Wilbur standing by the entry door to the building we lived in

Wilbur and I move to New York in 1979.  We lived in Brooklyn until 1984.  Those five years gave our lives a certain kind of strange and wonderful momentum that continues to this day.

I can remember taking the subway a lot.  I did electrical work for money and my jobs were all over Manhattan so I got to know the subway quite well.  I’ve returned frequently and my familiarity with the system has never really faded.  It takes me a couple of days and then it’s like getting back on a bike. 

While riding the subway the opposite window becomes a mirror in the darkness of the tunnel.  If you ride the subway a lot you know what I’m talking about. Thankfully it’s not a perfect mirror and today I saw a man with a gray beard that I barely recognized.  I still feel like that twenty-three-year-old riding home from work staring at the window become mirror.  Time is always such a shock.   

On the 6 train

I can’t help but reflect a bit on time and the passing of years.  Some people are stuck in time, others flow smoothly through the years not giving the passing much consideration.  I like to think of myself as the later.  I never really worry or even think too much about getting older.  And yet here was this really old looking guy staring back at me.  I felt my past leaning on me a bit while the subway clanked its unique rhythm.
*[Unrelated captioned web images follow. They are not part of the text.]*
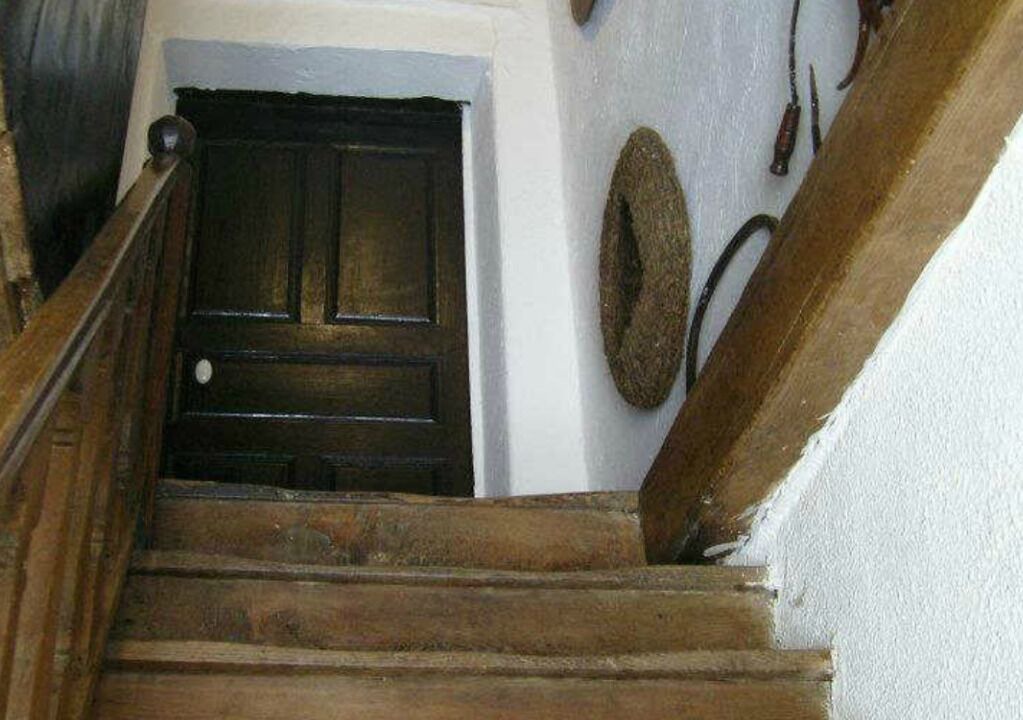 Photo of Others in Sant'Andrea-di-Bozio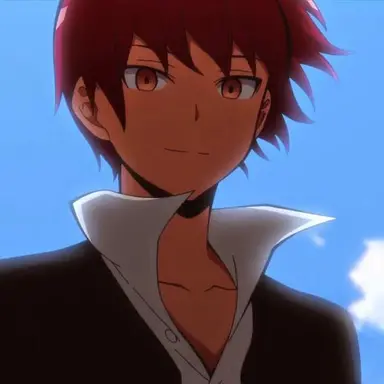 Profile image of 赤羽業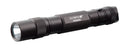 Olympia AD200 2 x AA CREE XP-E 200 Lumen LED Flashlight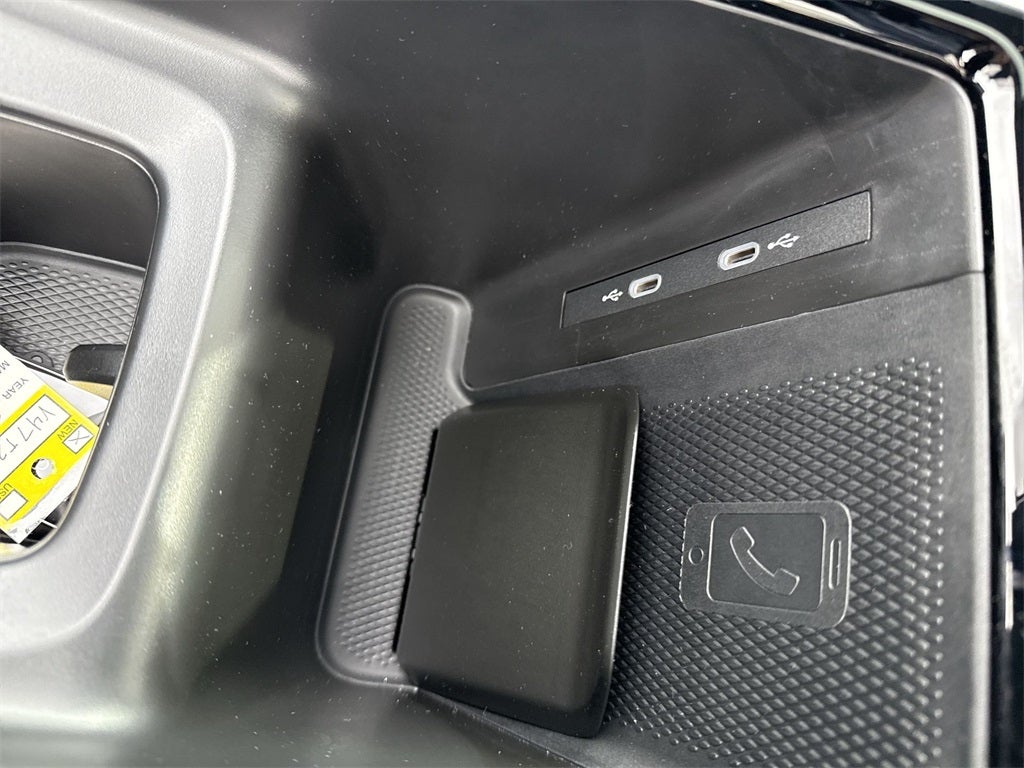 2025 Volkswagen ID.4 Pro S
To make art is an incredible privilege.  I think it is indicative of a healthy society in the sense that there are economic and social systems that support the activity. At the same time art making is one of humankinds most basic activities, it happens everywhere in all cultures.  Rooted in the shaman but also in the politician/business person.  To be an artist is a strange and potent mixture of cultural stereotypes and pressures. 

Hilma af Klint

Wilbur and I went to NY, specifically, to see the Hilma af Klint exhibition at the Guggenheim Museum. I suppose it was a bit of a pilgrimage. If you are not familiar with her work you should check her out.  She created monumental abstract paintings well in advance of Kandinsky and other celebrated early modernists.   She is a pioneer of abstraction who was overlooked probably because she was a woman and because she played around with mysticism.  Yet the guys did that too, so who knows?  I’m not blogging about that nor is this a review of the work, I can’t do that.

Standing as a kind of coda to the Klint work was an exhibition by the contemporary painter R.H. Quaytman.  Over one-hundred years separated these two artists.  Quaytman’s work was in relationship to Klint’s work but also commenting on the Guggenheim space.  A series of dark square panels with a centered white circle was installed in each to the Guggenheim’s exhibition “bays”.  As the spiral of the ramp rose the circle paintings descended.  I thought this was an effective use of the space, referencing the repeated use of the circle by Klint and then tying it into the unique architecture of the museum.  The white circles were a sort of screwed on cap to the upward spiral of the Guggenheim.

It got me thinking.  About the museum space.  Klint had envisioned her paintings created for a spiritual temple of sorts.  A yet unbuilt space would link the viewers of her paintings to the cosmos and spiritual awakening she is attempting to elicit.  I kept thinking that perhaps this space Quaytman asserts, the space I was slowly walking in…was that space.  Was Quaytman using her art to signal that this was the temple? Or was it a statement opposing the dominating architecture of Frank Lloyd Wright?  

The making of art bends time and space, I am utterly convinced of that.  When I am working on a painting time does not exist.  What I thought as a seventeen-year-old is still at play in my imagination and forms that moment.  What I made as a seventeen-year-old informs what I create as that sixty-two-year-old staring back in the subway window.

This is the metaphysics of art.  It is the making real of what Vonnegut called “getting unstuck” in time.  While mortality is certainly the end game for us all there are “slipping glimpses”…to paraphrase De Kooning of a more infinite reality lurking in the art we make.  A reality that is big and open unimpeded by fame, market, money or prestige. It is what makes art real and worth committing to a lifetime.